Case Study

How Neptune Gave Waabi Organization-Wide Visibility on Experiment Data

Organic adoption by our teams has been a key indicator that the tool has added value to their workflows and they've been able to use it successfully.

Neil Isaac

Senior Staff Software Developer at Waabi

Before

No experiment tracking solution in place

Multiple teams training models and struggling with knowledge sharing

After

Unified tracking and data analysis across large-scale experiments

Improved organizational visibility and consistency in benchmarking

Waabi, founded by AI pioneer and visionary Raquel Urtasun (ex-Uber Chief Scientist), is developing the next generation of self-driving truck technology. Their goal is to develop a large-scale solution for self-driving trucks.

They do this by using deep learning, probabilistic inference, and complex optimization to create software that is end-to-end trainable, interpretable, and capable of very complex reasoning.

Waabi World and its core capabilities: World creation, camera and LiDAR sensor simulation, scenario generation and testing, and learning to drive in simulation — Waabi World and its core capabilities | Source

The challenge

Waabi’s ML teams are organized around different technical pillars. Each pillar is in charge of delivering technology for a different functional area. At a high level, AI teams at Waabi have a standard process to benchmark their research progress. They establish a fair benchmark, set up baseline models, and go through iterations of testing new ideas.

They have a unified training workflow across all projects and datasets. So all the teams constantly launch experiments for different tasks. They seek model improvements by iteratively fine-tuning them and regularly comparing results against established benchmarks. Depending on the project they work on, they can launch over ten training jobs and experiments per day.

And considering that for autonomous systems to work, they must achieve a complex understanding of the environment to decide what action to take, there are many different types of data involved. Maps, LiDAR, camera, radar, inertial, and other sensor data.

Having such a large-scale process under control quickly became a challenge. “Our ML teams at Waabi continuously run large-scale experiments with ML models.

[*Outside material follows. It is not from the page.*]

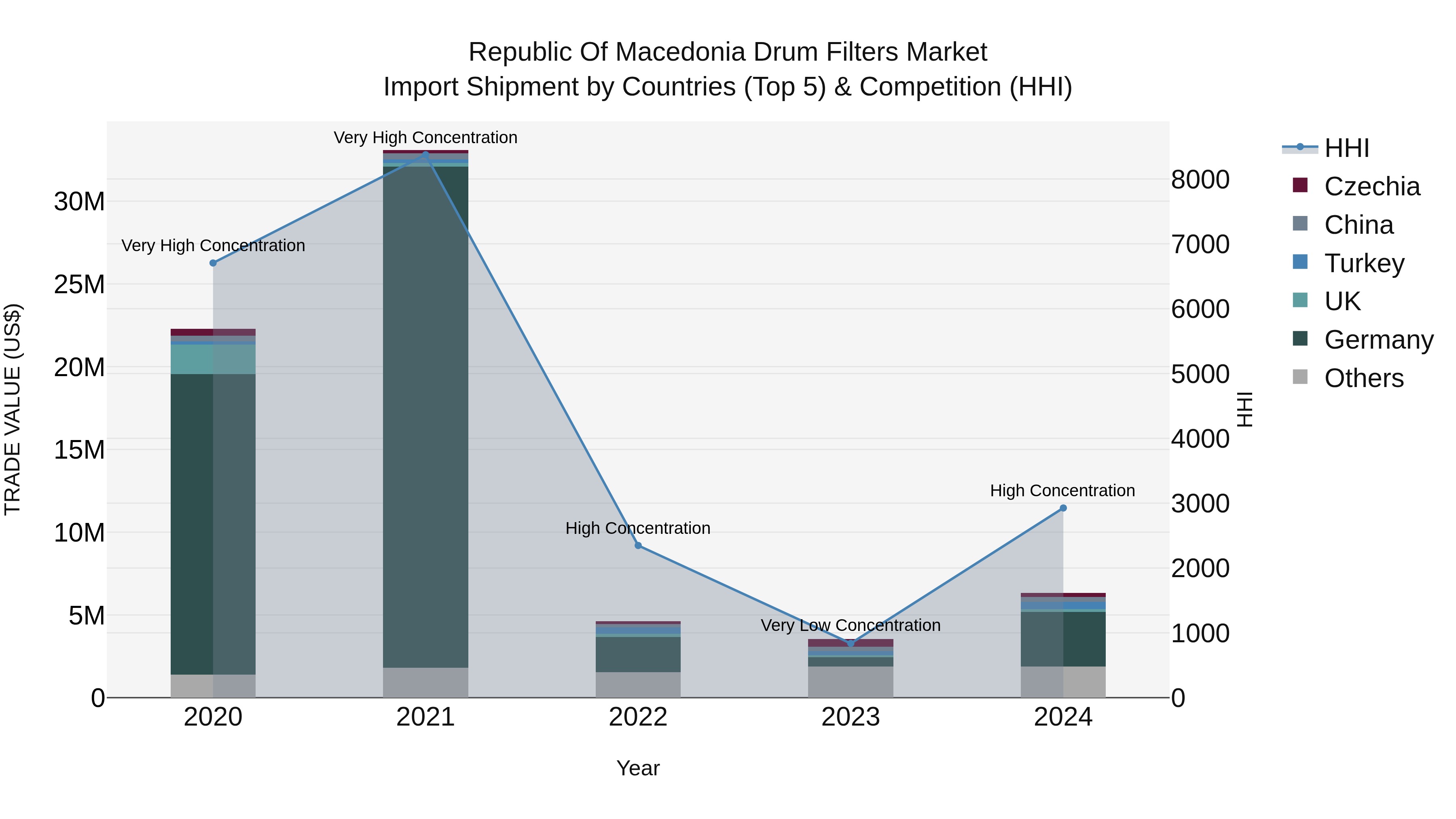 Republic Of Macedonia Drum Filters Market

A significant challenge we faced was keeping track of the data they collected from experiments and exporting it in an organized and shareable way,” says Neil Isaac, Sr. Staff Software Developer at Waabi.

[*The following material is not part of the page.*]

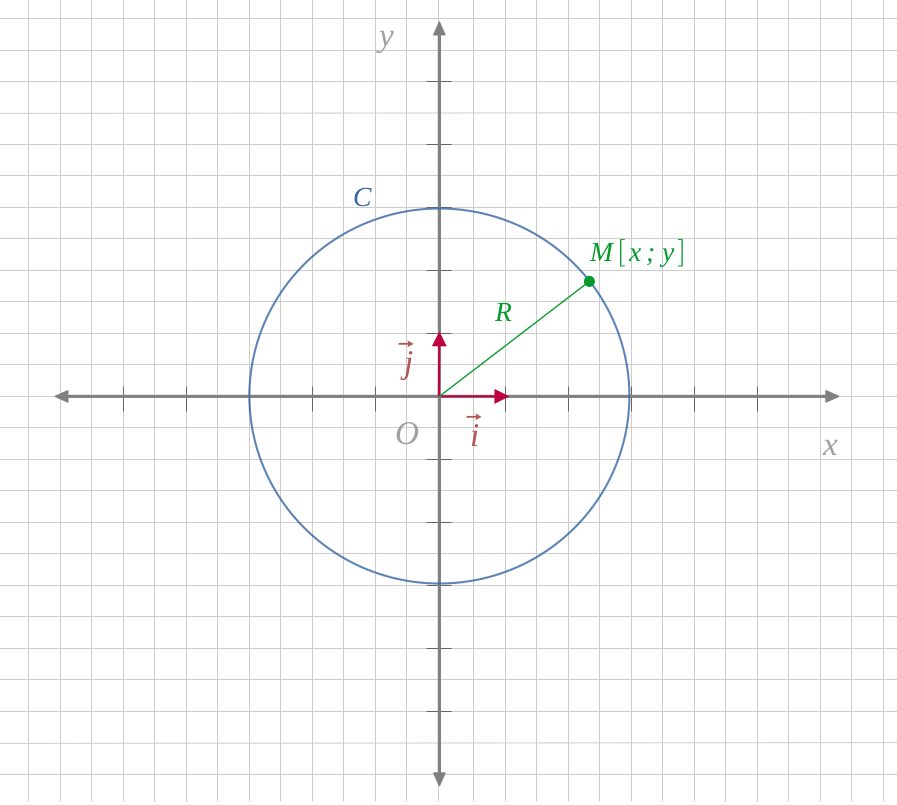 Exo equation cercle correction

Visibility across the organization in large-scale experimentation workflow

It was especially important for them to be able to share this work across the entire organization, as visibility and consistency are fundamental for the company.

“We identified the lack of tooling as soon as we started planning and building consistent benchmark datasets. We considered our workflow and recognized that sharing benchmark results in a constant place and format and retaining data for later comparison after the end of a project was critical,” says Neil.

The company evaluated open-source solutions and well-known vendor products. They were looking for feature-rich experiment tracking, collaboration capabilities, and high-quality documentation. “Neptune was the best choice for our use cases,” says James Tu, Research Scientist at Waabi.

During the evaluation phase, Neil worked closely with Neptune’s Sales and Product teams. The goal was to find the best way to leverage the tool for Waabi’s use case and collaborate on the roadmap.

I would definitely recommend the product. The Neptune team made it easy to test and adopt the tool via a self-initiated trial but also took the time to make personal connections with our whole team and understand their needs.

Neil Isaac Senior Staff Software Developer at Waabi

Now Waabi has one place to organize all the results. Everyone can have access to this workspace so they can share experiments within and across different teams. Collaboration and knowledge transfer is much easier.

“The product has been very helpful for our experimentation workflows. Almost all the projects in our company are now using Neptune for experiment tracking, and it seems to satisfy all our current needs. It’s also great that all these experiments are available to view for everyone in the organization, making it very easy to reference experimental runs and share results,” says James.

Not only has the visibility improved, but the teams at Waabi are also way more productive. Neptune has made it easier to keep track of the experiments they are running and reduced the amount of overhead spent on the organization.

As Neil says, “Organic adoption by our teams has been a key indicator that the tool has added value to their workflows and that they have been able to use it successfully.”

Monitoring compute resources in Reinforcement Learning workflow

Some models the teams at Waabi run are more data-heavy than others. The front end of an autonomy system such as Perception has very large inputs. They would use a lot of different sensors and, in real-time, stream a lot of data into those models deployed on the vehicle.

For offline perception tasks like data augmentation, the system would use large models, which require a lot of training resources and more distributed jobs, more GPUs per worker, and more workers. Simpler automation jobs may be able to train on a single machine or a single GPU.

On top of that, their workloads are very scalable because they will often start development on a developer’s machine to ensure the code works but then very quickly switch to running that on the cloud and scale it up as the data set grows.

In all those cases, the team would struggle without the proper resource monitoring that they have in Neptune.

“Our team leverages simulators quite heavily, and we use a lot of computers. One thing we’re always keeping track of is what the utilization is and how to improve it,” says James. “Sometimes, we’ll get, for example, out-of-memory errors, and then seeing how the memory increases over time in the experiment is really helpful for debugging as well.”

Another capability that complements the resource monitoring well is the remote stop function. Whenever something’s off, they don’t need to kill a cloud training job, they can just stop it from the Neptune UI without navigating cloud infrastructure-oriented dashboards.

As Neil says, it’s always essential for Waabi to optimize training runtime. “It directly affects cost as well as, more importantly, productivity. The faster we train models, the sooner we get results. That’s incredibly important to us.”